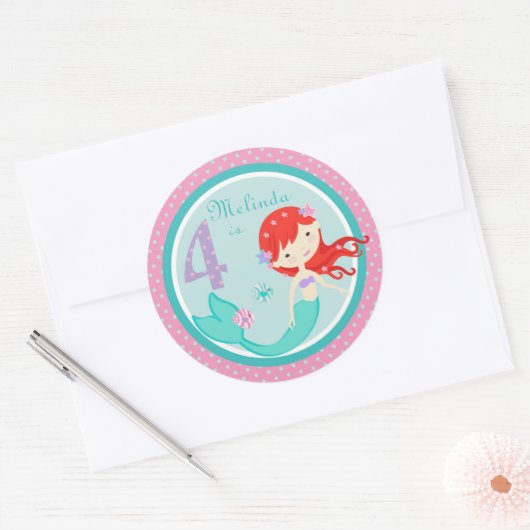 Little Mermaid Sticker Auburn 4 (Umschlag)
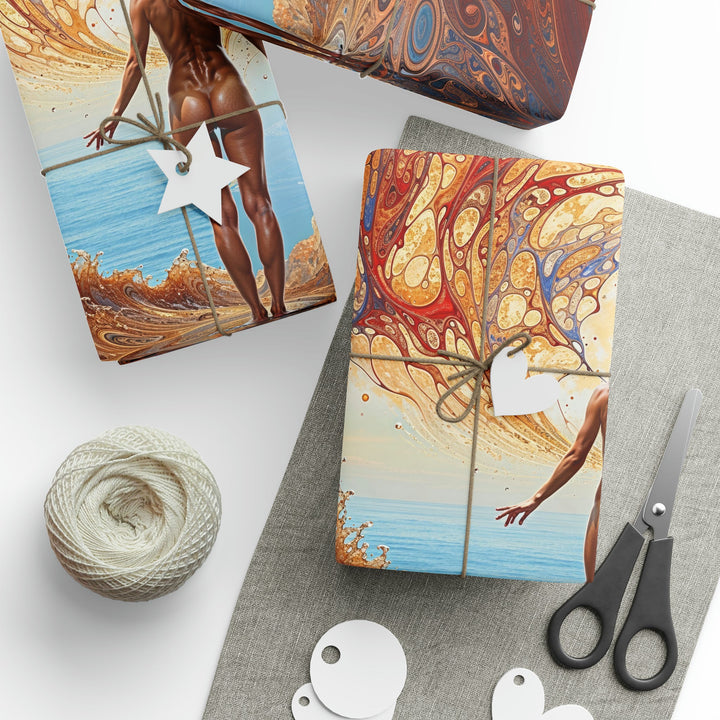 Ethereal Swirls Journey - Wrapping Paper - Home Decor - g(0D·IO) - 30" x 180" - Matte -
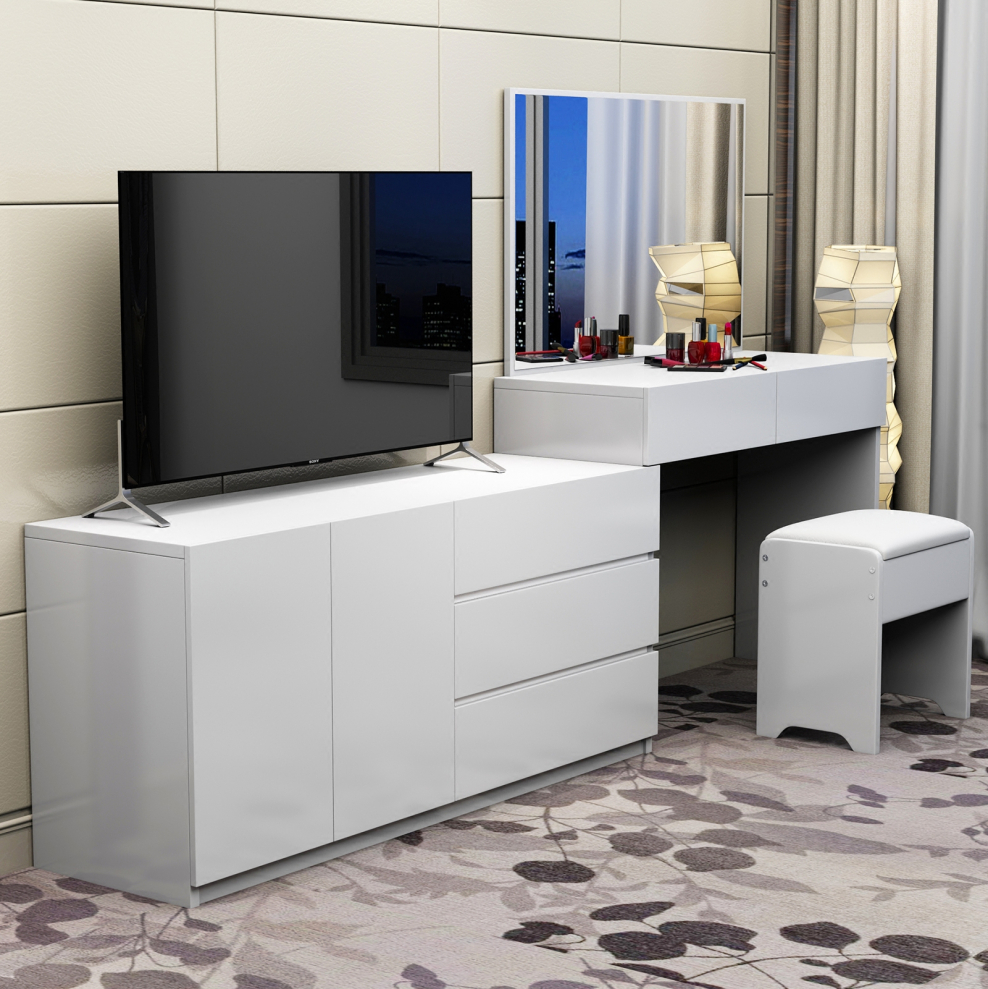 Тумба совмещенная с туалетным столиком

■ **Assignment**
From the first line to the last, copy the listing above exactly, dropping all images.

■ **Task answer**
 Little Mermaid Sticker Auburn 4 (Umschlag)
 Ethereal Swirls Journey - Wrapping Paper - Home Decor - g(0D·IO) - 30" x 180" - Matte -
 Тумба совмещенная с туалетным столиком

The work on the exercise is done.